BRIEF: Reproduce exactly, leaving out pictures, each line from the one holding "ROOMH Simulation Souvenir" through the final line of the listing, and add nothing.

EXERCISE DATA:
-------
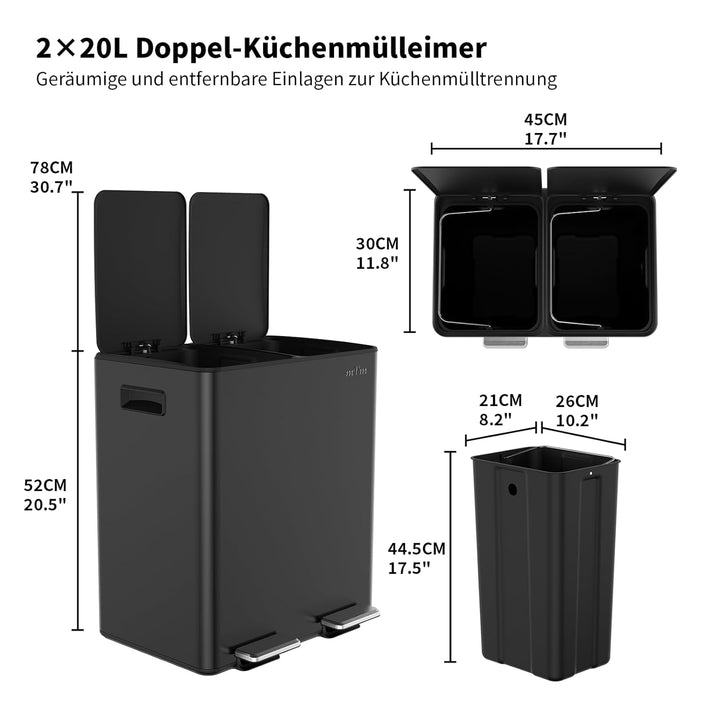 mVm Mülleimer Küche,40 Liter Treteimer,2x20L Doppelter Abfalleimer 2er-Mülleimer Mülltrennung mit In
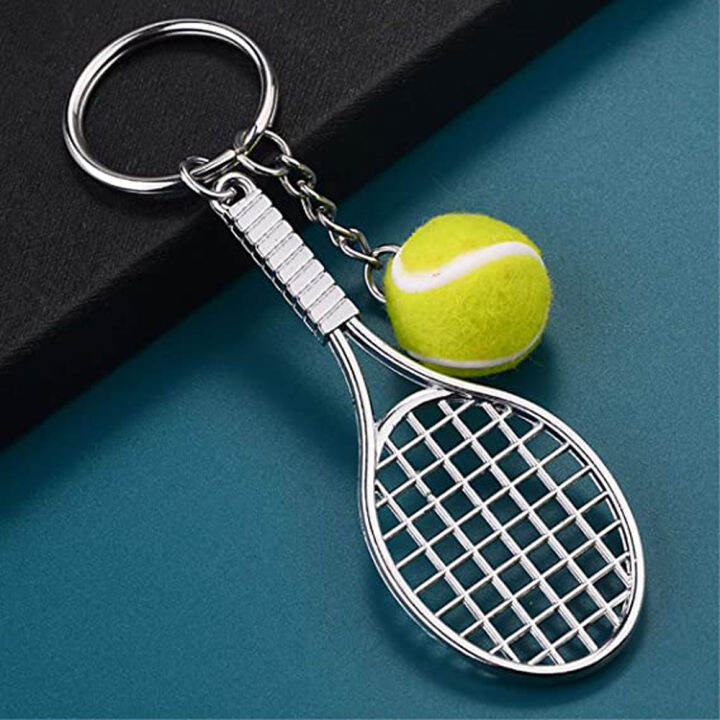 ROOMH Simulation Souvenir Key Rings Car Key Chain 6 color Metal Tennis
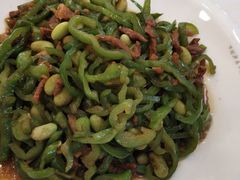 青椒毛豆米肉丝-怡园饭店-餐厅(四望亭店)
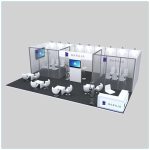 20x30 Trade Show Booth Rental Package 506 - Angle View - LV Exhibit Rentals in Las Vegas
-------
TASK RESPONSE:
 ROOMH Simulation Souvenir Key Rings Car Key Chain 6 color Metal Tennis
 青椒毛豆米肉丝-怡园饭店-餐厅(四望亭店)
 20x30 Trade Show Booth Rental Package 506 - Angle View - LV Exhibit Rentals in Las Vegas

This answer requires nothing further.